Ausländische Betriebsstätten: Können Verluste verrechnet werden?

Sind Verluste von Betriebsstätten, die im EU-Ausland liegen, mit inländischen Einkünften verrechenbar? Der BFH hat die geltende Regelung gebilligt, wonach auch für endgültige Verluste eine Verrechnung ausgeschlossen ist. Das Gericht folgte damit dem EuGH, der darin keinen Verstoß gegen die europäische Niederlassungsfreiheit sieht.

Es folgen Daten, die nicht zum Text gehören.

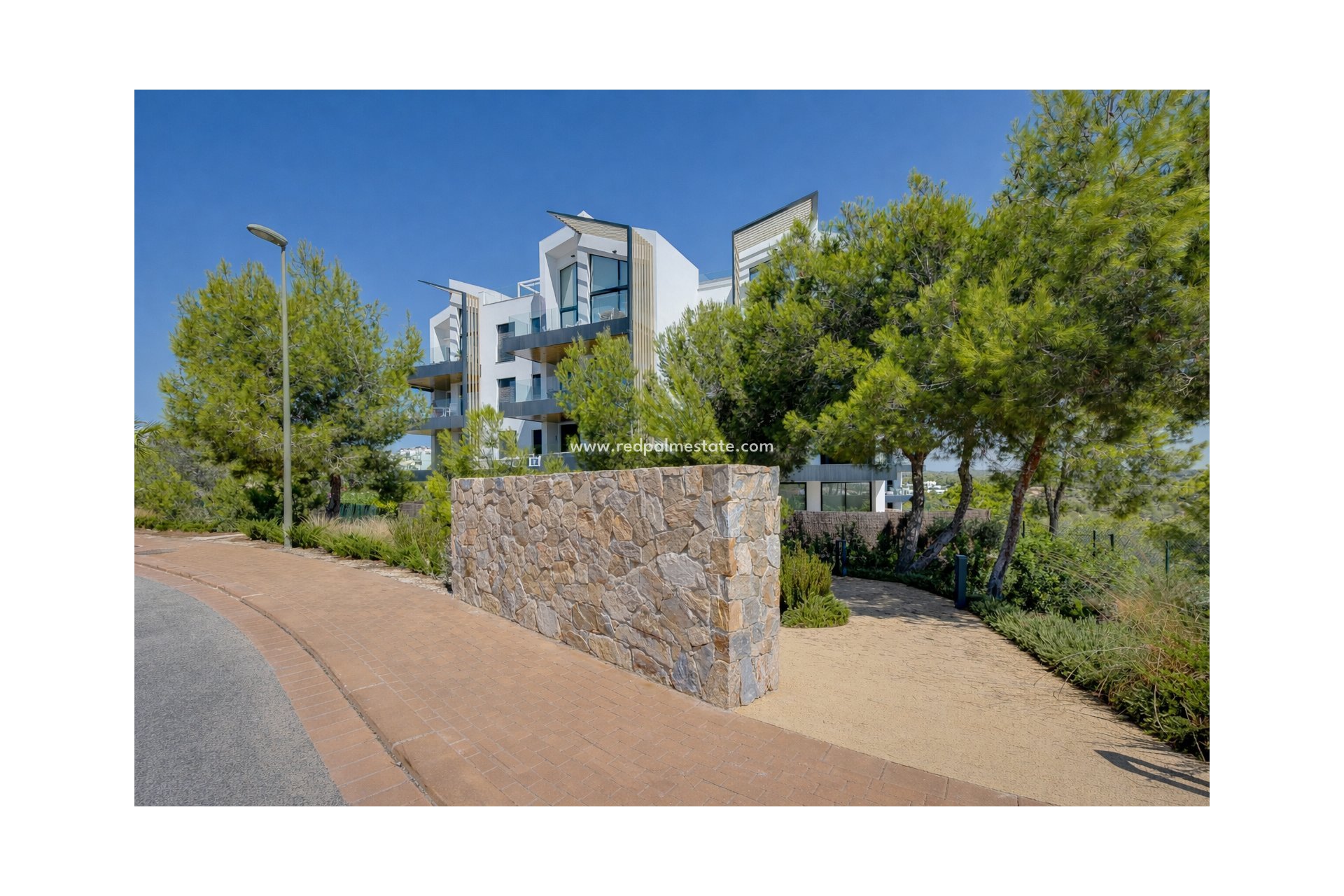 Revente - Appartement -
Las Colinas Golf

Allerdings gilt dies nur für Doppelbesteuerungsabkommen (DBA).

Mit Urteil vom 22.02.2023 (I R 35/22 (I R 32/18)) hat der Bundesfinanzhof (BFH) entschieden, dass der Ausschluss der Berücksichtigung von Verlusten einer in einem anderen Mitgliedsstaat belegenen Betriebsstätte auch im Hinblick auf endgültige Verluste nicht gegen die unionsrechtliche Niederlassungsfreiheit verstößt. 

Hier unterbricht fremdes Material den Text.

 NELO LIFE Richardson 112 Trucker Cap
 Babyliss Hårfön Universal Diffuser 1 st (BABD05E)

Der BFH hatte den Sachverhalt dem Europäischen Gerichtshof (EuGH) vorgelegt, der seine bisher nicht eindeutige Rechtsprechung zu finalen Betriebsstättenverlusten in dieser Hinsicht nun konkretisiert und die Verrechnung von finalen Verlusten einer in der EU belegenen Betriebsstätte mit inländischen Einkünften versagt hat.

Sachlage im Streitfall

Die Klägerin ist eine in Deutschland ansässige AG, die eine Wertpapierhandelsbank betreibt. Der Unternehmensgegenstand umfasst die Bereiche Anlagevermittlung, Abschlussvermittlung, Finanzportfolioverwaltung und Eigenhandel. 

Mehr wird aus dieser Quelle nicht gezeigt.